Bei dem Kabel- und Schalttechnikspezialisten Murrplastik in Oppenweiler werden die Sachschäden wohl im Millionenbereich liegen. Die Geschäftsleitung sei gerade mit einem ganzen Tross von Versicherungsspezialisten im Werk in der Stadtmitte unterwegs, sagte der Marketingleiter des Unternehmens, Günter Milla, am Montag. Seit Freitag ruht dort die Produktion. Der Strom ist abgeschaltet, kein einziger Rechner läuft mehr, auch die Telefonverbindung ist nach wie vor beeinträchtigt. Die Halle sei bis zu einem Meter unter Wasser gestanden, sagt Milla. Man müsse sehen, was noch zu retten sei - und gleichzeitig auf die Geduld der Auftraggeber hoffen.

Ein paar Kilometer weiter nordöstlich, bei HES in Sulzbach, ist man deutlich glimpflicher davon gekommen. Von Glück will man bei dem renommierten Drehteil-Zulieferer allerdings nicht sprechen. "Wir waren gut vorbereitet", sagt Katja Erkert. Die Firma habe ihr Werk mit eigenen Dämmen und Schutzmauern abgeschottet. Zudem habe man mehrere Paletten Sandsäcke verteilt. Zu 90 Prozent hätten die Maßnahmen das Wasser abgehalten.

Am Montag lief der Betrieb wieder nahezu normal


Auf Sand hat auch Martin Windmüller, der Inhaber des gleichnamigen Betten- und Wäschehauses in Backnang, gesetzt-allerdings nicht in Säcken. Windmüller bestellte auf Anraten eines Passanten kurzerhand eine Lastwagenladung davon bei einem Baustoffhändler und verteilte diese vor dem Geschäft. Bis zu 60 Zentimeter hoch sei das Wasser vor der Haustüre gestanden, aber dank der Maßnahme nicht eingedrungen. Was über Lichtschachte ins Untergeschoss sickerte, schöpften die Belegschaft und zahlreiche private Helfer mit Wassereimern und Spezialsaugern im Dauereinsatz weg. Jetzt müsse ein Fachmann begutachten, ob das Eichenparkett die Überschwemmung überlebt hat. Wenn ja, sei man "mit zwei dicken blauen Augen" davon gekommen.

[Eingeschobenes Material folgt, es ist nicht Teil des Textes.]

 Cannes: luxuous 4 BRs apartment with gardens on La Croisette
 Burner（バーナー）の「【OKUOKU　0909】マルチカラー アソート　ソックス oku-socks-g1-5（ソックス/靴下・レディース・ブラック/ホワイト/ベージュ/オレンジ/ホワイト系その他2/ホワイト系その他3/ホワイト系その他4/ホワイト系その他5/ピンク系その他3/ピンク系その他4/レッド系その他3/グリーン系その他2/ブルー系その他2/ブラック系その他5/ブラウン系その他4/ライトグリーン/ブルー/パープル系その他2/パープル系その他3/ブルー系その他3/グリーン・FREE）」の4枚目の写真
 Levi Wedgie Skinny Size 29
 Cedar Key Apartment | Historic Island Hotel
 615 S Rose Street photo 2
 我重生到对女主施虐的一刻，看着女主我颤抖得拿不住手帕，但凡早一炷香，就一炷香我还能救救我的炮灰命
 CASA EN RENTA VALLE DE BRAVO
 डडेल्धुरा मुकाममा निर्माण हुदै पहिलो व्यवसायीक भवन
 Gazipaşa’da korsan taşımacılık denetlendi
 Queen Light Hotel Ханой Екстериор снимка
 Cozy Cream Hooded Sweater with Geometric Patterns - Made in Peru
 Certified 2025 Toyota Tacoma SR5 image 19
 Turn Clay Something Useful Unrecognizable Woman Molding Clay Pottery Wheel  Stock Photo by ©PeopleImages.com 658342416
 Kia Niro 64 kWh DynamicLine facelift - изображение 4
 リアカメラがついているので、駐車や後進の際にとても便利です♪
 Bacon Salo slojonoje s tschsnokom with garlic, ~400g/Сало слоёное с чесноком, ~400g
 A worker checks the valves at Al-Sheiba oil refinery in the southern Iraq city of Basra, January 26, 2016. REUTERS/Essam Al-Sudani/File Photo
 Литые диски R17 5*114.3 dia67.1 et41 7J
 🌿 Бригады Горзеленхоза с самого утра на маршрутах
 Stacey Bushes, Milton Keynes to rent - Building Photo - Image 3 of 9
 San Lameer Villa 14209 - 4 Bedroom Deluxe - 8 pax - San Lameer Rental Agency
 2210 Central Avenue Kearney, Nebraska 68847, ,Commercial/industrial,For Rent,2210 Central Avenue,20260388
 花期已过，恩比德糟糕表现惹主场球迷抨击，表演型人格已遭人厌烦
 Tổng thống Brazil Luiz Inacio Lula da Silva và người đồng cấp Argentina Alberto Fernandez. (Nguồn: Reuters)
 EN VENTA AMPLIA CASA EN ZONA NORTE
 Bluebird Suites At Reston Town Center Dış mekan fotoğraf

Das lässt sich auch über "Mikes Backstube" in Rudersberg-Schlechtbach sagen, deren Produktionsort unversehrt blieb. Im Keller der Bäckerei hingegen sind die Folgen der Wieslaufflut unübersehbar. Die beiden Mehlsilos schwammen regelrecht im Wasser, sagt Bäckermeister Michael Kehrer. Bis zu 50.000 Euro werde der Schaden betragen, wenn die gesamte Anlage ausgetauscht werden müsste.

Auch bei dem international aufgestellten Unternehmen Tesat in Backnang scheint das Schlimmste überstanden zu sein. Zwar machte das Wasser der Murr am Rand der Ufermauer des Satellitenkommunikations-Spezialisten halt, das Grundwasser indes drang in nahezu alle Kellergebäude. Dank des "massiven Einsatzes von Feuerwehr, THW und eigenen Azubis", wie es eine Tesat-Sprecherin beschreibt, habe man gravierende Schäden abwenden können. Bereits am späten Donnerstagabend begannen die Reinigungsarbeiten einer Spezialfirma. Am Montag lief der Betrieb wieder "nahezu normal".